**Record excerpts:**
###

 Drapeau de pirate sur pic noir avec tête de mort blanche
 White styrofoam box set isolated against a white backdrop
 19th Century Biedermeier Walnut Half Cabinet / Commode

###

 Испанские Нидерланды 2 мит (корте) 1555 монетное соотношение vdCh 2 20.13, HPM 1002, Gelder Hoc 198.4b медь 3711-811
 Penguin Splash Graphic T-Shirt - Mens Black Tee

###

**Action item:**
Set down, exactly as they appear above, all lines from the one that has "Drapeau de pirate" down to the one that has "19th Century Biedermeier", including those two and no others.

**Written reply:**
 Drapeau de pirate sur pic noir avec tête de mort blanche
 White styrofoam box set isolated against a white backdrop
 19th Century Biedermeier Walnut Half Cabinet / Commode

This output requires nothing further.